Too bad your colleagues weren't at the "State of Statistical 
Software" session at JSM.  I was there.  It was so packed that 
people ran out of standing room.  The three speakers are all R 
advocates (Jan De Leeuw, Luke Tierney and Duncan Temple Lang).  
The most interesting thing (to me) about the session is that the 
discussant is a person from SAS (first name Wolfgang).  I just 
had to hear what he'd say.

The SAS person essentially said that the numerical accuracy of 
R (probability functions, especially) is unmatched because the 
routines were written by authority figures in the area.  (That's 
one advantage he said R has, but also said that the fact that 
that code is open, even SAS is looking at the R source, and that, 
to him, is a disadvantage.  He obviously missed the point of 
open source.)  One of the criticisms he had for R, compared to 
SAS, is that R may not have undergone extensive QA tests.  He 
said that SAS now probably has only a handful of PROC developers 
(not exactly the "team" your colleague imagined), but 5-6 times 
more software testers.

I think hearing from the horse's mouth beats reading articles 
in the journal for this sort of things.  There was a recent article 
in American statistician bashing the numerical instability and bad 
quality of RNG in JMP (a SAS product).  SAS posted a "white paper" 
on their web site refuting some those claims (but they did changed 
the RNG to Mersenne Twister in JMP5), comparing JMP with Excel and 
SAS.  I must say that comparison isn't convincing, as neither Excel 
nor SAS can really be trusted as gold standard.

Andy [Liaw]

---------------------------

In follow up to Frank's reply, allow me to point you to some 
additional papers and articles on numerical accuracy issues. I 
have not reviewed these in some time and they may be a bit dated 
relative to current versions. These do not cover R specifically, 
but do address S-Plus and SAS. This is not an exhaustive list by 
any means, but many of the papers do have other references that 
may be of value.


1. http://www.stat.uni-muenchen.de/~knuesel/elv/accuracy.html

2. http://www.amstat.org/publications/tas/mccull-1.pdf

3. http://www.amstat.org/publications/tas/mccull.pdf

4. http://www.npl.co.uk/ssfm/download/documents/cmsc06_00.pdf


Another option is that NIST has reference datasets available for 
comparison at:

http://www.itl.nist.gov/div898/strd/

These would allow you to conduct your own comparisons if you desire.

HTH,

Marc Schwartz
(Also a former SAS user)

---------------------------

I can't say for the optimisation routines, but I have found this...

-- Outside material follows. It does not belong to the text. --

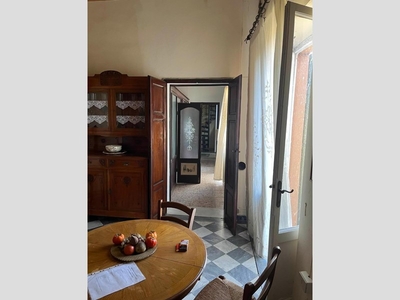 Bilocale in Vendita a Pisa, 140'000€, 90 m²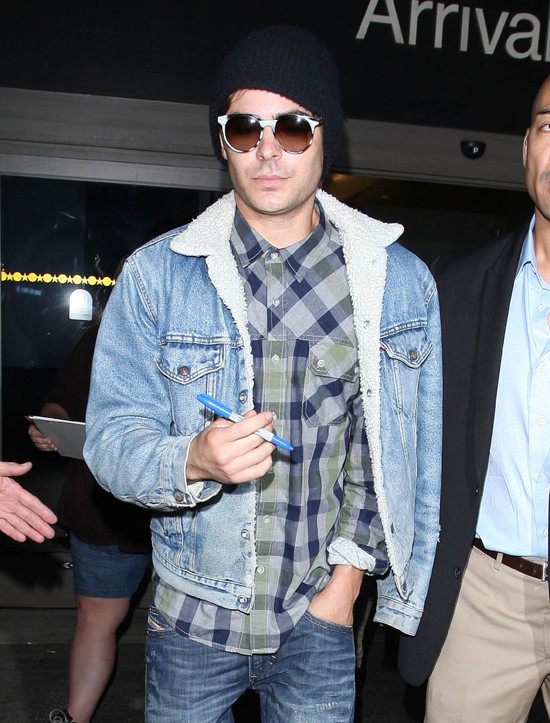 Zac Efron's Jean Jacket Is Truly Unacceptable (PHOTO) | HuffPost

When I was doing my MSc thesis, using tree-based models and neural 
networks for classifications, I discovered something interesting.

Using SAS Enterprise Miner (SAS EM), its Tree Node is far more efficient 
than the rpart package.  Using the same (or very similar at least) parameter

settings, SAS EM can produce a tree in about 1 minute while it would take 
rpart 5 ~ 6 minutes (same data, same machine....).  Having said that, I 
still prefer rpart as it can draw a beautiful tree, whereas it is very 
difficult to fit the graphical tree produced by SAS EM into one A4 page -- 
in the end I had to use the text tree.

However, the Neural Network node in SAS EM is less efficient than nnet.  
The time it takes to fit a neural network in R using nnet is much 
faster....

Cheers,

  Kevin [Wang]

---------------------------

I suspect it will be difficult to find the answer to your colleagues' 
assertions without doing your own studies.  How important is it to you 
to settle this disagreement?

One could always name the many leading statisticians who contribute to 
R, but I don't think that name-dropping settles anything.

Nonetheless, even if SAS were faster, that would be only part of the 
issue.  As you know, R offers vastly better exploratory graphics, better 
graphics overall, far more flexible programming, user extensibility, and 
more natural programming access to the results of previous 
computations.  So even if your colleagues were right in their 
assertions, they would be overlooking many capabilities of the S 
language that are not readily available in SAS.

IMO, SAS shines in its ability to read files in almost any format, to 
handle gigantic data sets without burping, and to produce formatted 
cross-tabulations and other highly structured text reports.  However, if 
your colleagues work at all in data exploration, they are ignoring 
important tools by not exploring R or S-Plus.

 
Michael Prager, Ph.D.
NOAA Center for Coastal Fisheries and Habitat Research Beaufort, 
North Carolina  28516 http://shrimp.ccfhrb.noaa.gov/~mprager/
DISCLAIMER: Opinions expressed are personal, not official. No 
government endorsement of any commercial product is made or implied.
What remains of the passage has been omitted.